Type out the lines below exactly, from the first through the line holding "Lilideco Hook-and-Loop Fastener", and include no pictures.

━━━━━ Records for this exercise

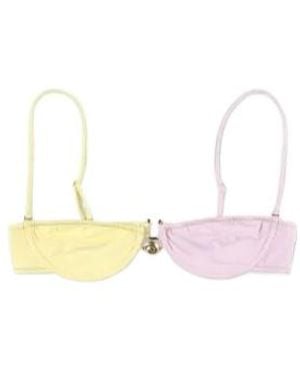 Reina Olga Color-Blocked Bikini Top - Natural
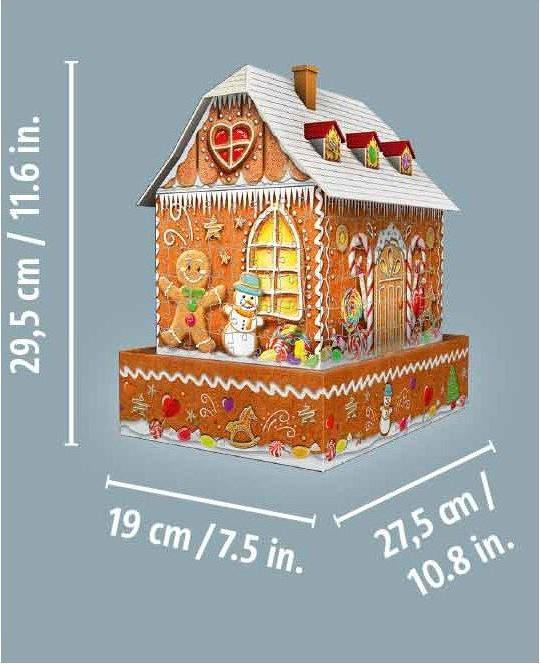 Immagine prodotto Ravensburger Casa di pan di zenzero di notte (216 pezzi)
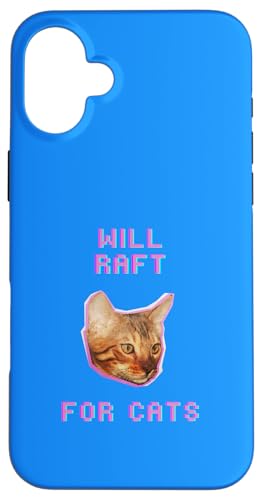 Will Rafting für Katzen, lustiges Tierliebhaber-Abenteuer Hülle für iPhone 16 Plus von Pets Co.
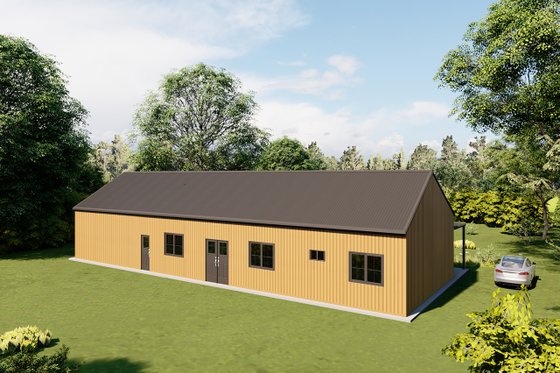 Exterior - Other Elevation 6 for Barndominium House Plan #1107-22 - 3 bed, 2 bath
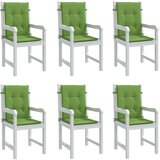  Jastuci za stolice 6 kom prošarano zeleni 100x50x4 cm tkanina | shoptok.hr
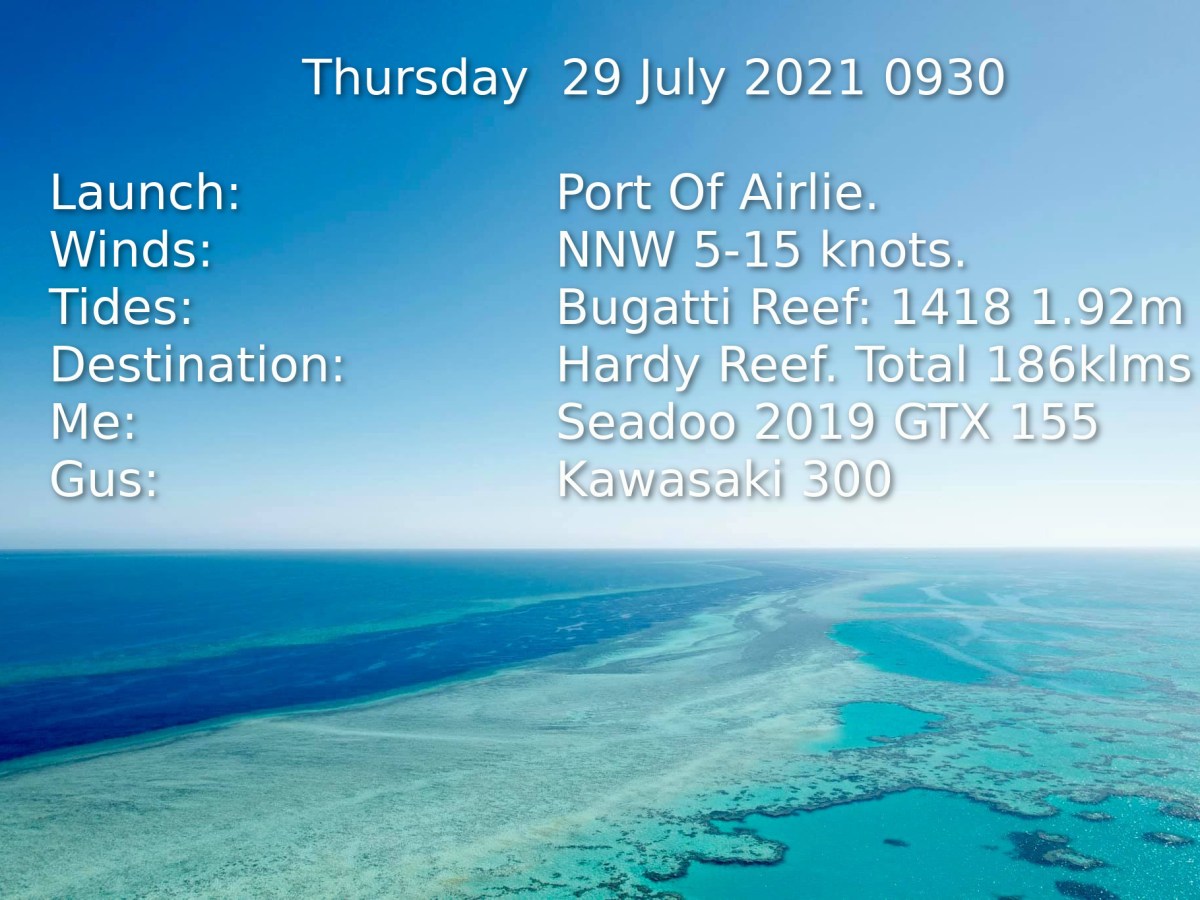 Hardy Reef from&nbsp;Airlie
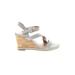 Dolce Vita Wedges: Gray Solid Shoes - Women's Size 10 - Open Toe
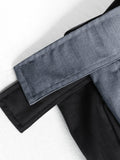 Lilideco Hook-and-Loop Fastener Wide Leg Velcro Pants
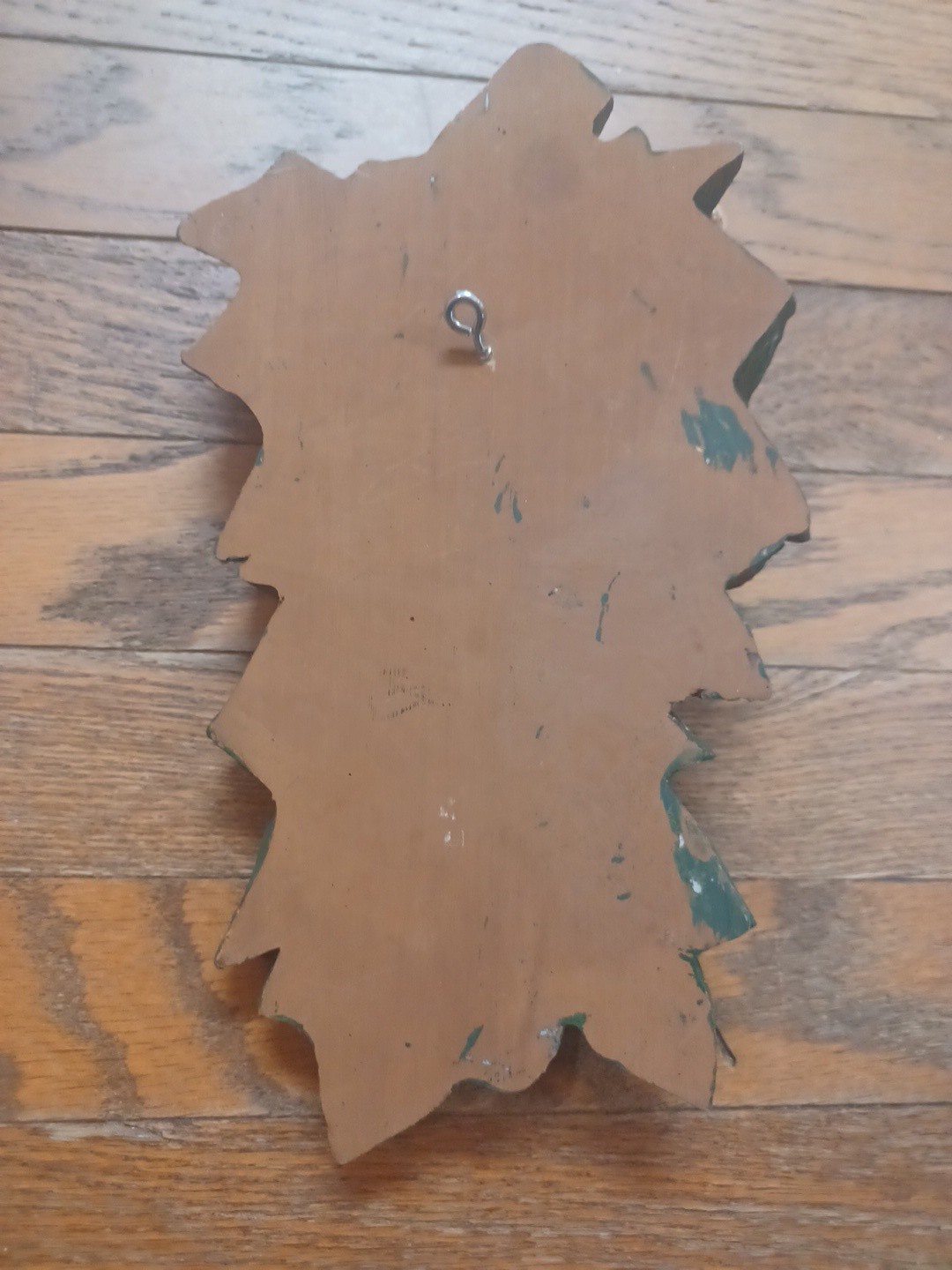 Leaf Covered Face Sculture, Wall Sculpture Home Garden Decor Mythical Leaf Face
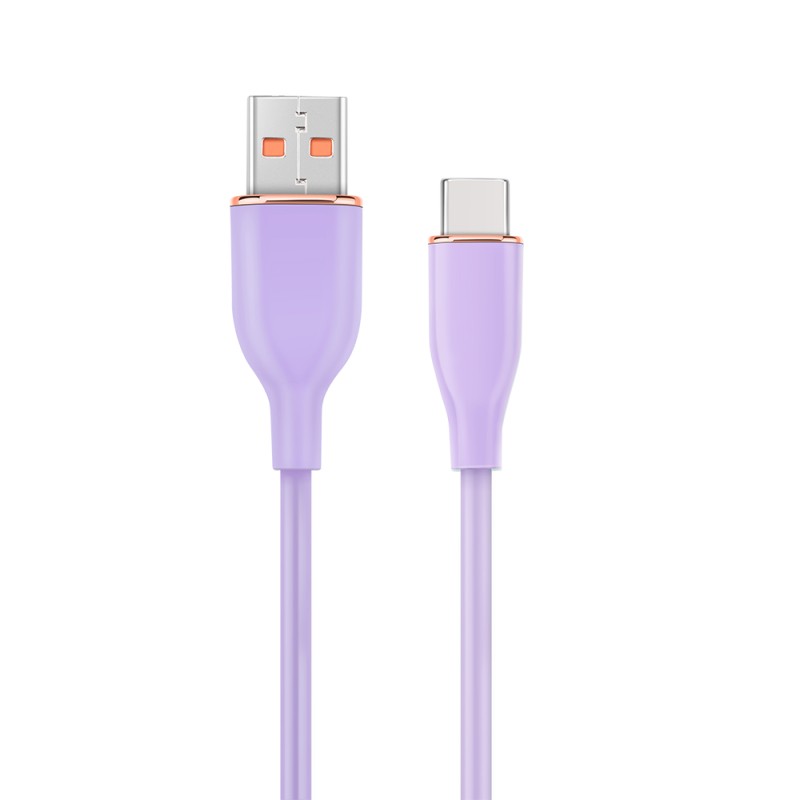 Cablexpert Premium Silicon USB Type-C Cable 1.5m Violet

━━━━━━━━━━

# Solution
 Reina Olga Color-Blocked Bikini Top - Natural
 Immagine prodotto Ravensburger Casa di pan di zenzero di notte (216 pezzi)
 Will Rafting für Katzen, lustiges Tierliebhaber-Abenteuer Hülle für iPhone 16 Plus von Pets Co.
 Exterior - Other Elevation 6 for Barndominium House Plan #1107-22 - 3 bed, 2 bath
  Jastuci za stolice 6 kom prošarano zeleni 100x50x4 cm tkanina | shoptok.hr
 Hardy Reef from&nbsp;Airlie
 Dolce Vita Wedges: Gray Solid Shoes - Women's Size 10 - Open Toe
 Lilideco Hook-and-Loop Fastener Wide Leg Velcro Pants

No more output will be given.